Try it:
From the records below, please repeat exactly the line that has "Tag Light Green", the line that has "Ranch House Plan", and every line between them, and nothing else.

Given records:

== Segment start ==

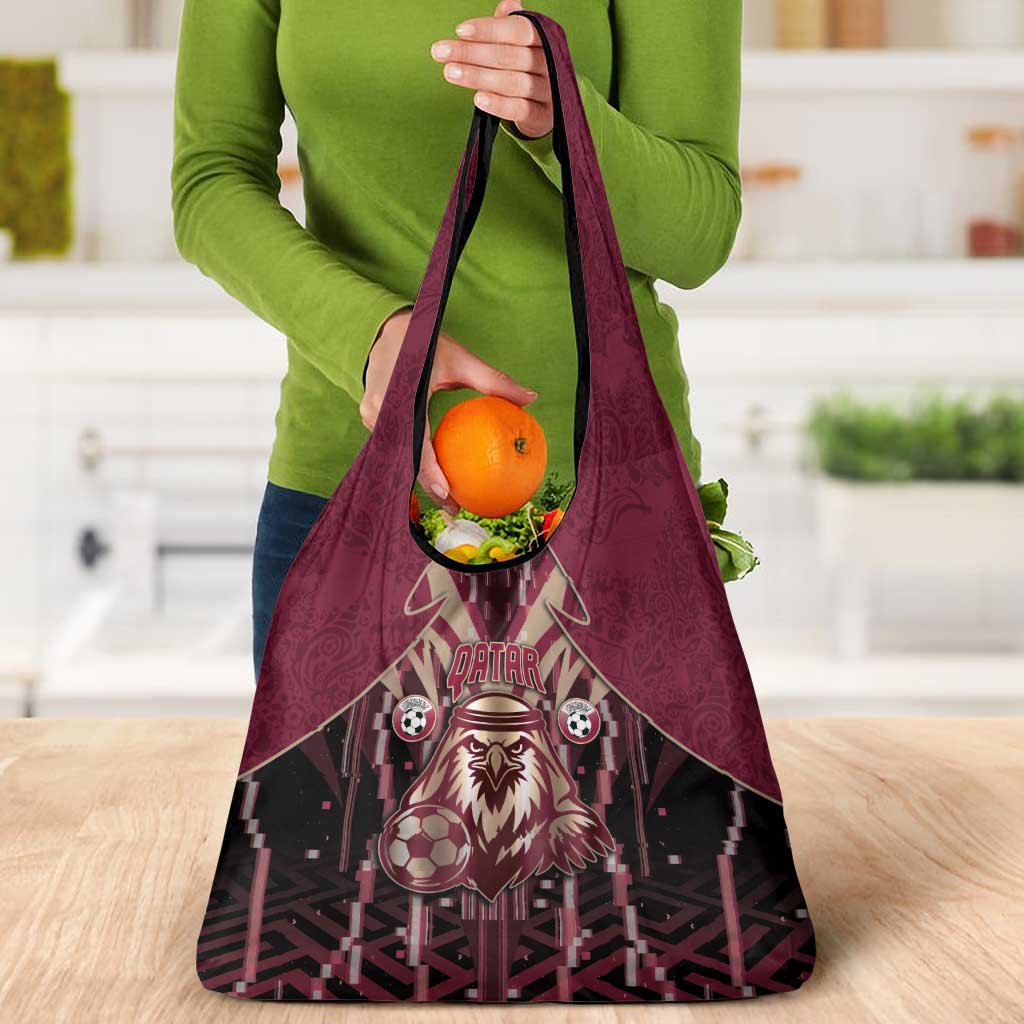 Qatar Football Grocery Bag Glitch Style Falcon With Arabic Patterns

== Segment end ==
== Segment start ==

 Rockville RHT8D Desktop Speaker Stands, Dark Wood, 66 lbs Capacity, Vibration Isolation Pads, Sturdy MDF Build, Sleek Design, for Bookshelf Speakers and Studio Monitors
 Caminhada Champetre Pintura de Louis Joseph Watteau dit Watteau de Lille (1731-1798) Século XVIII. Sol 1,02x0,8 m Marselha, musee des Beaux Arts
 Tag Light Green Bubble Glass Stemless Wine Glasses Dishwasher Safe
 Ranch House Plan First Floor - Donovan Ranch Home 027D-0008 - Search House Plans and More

== Segment end ==

Task answer:
 Tag Light Green Bubble Glass Stemless Wine Glasses Dishwasher Safe
 Ranch House Plan First Floor - Donovan Ranch Home 027D-0008 - Search House Plans and More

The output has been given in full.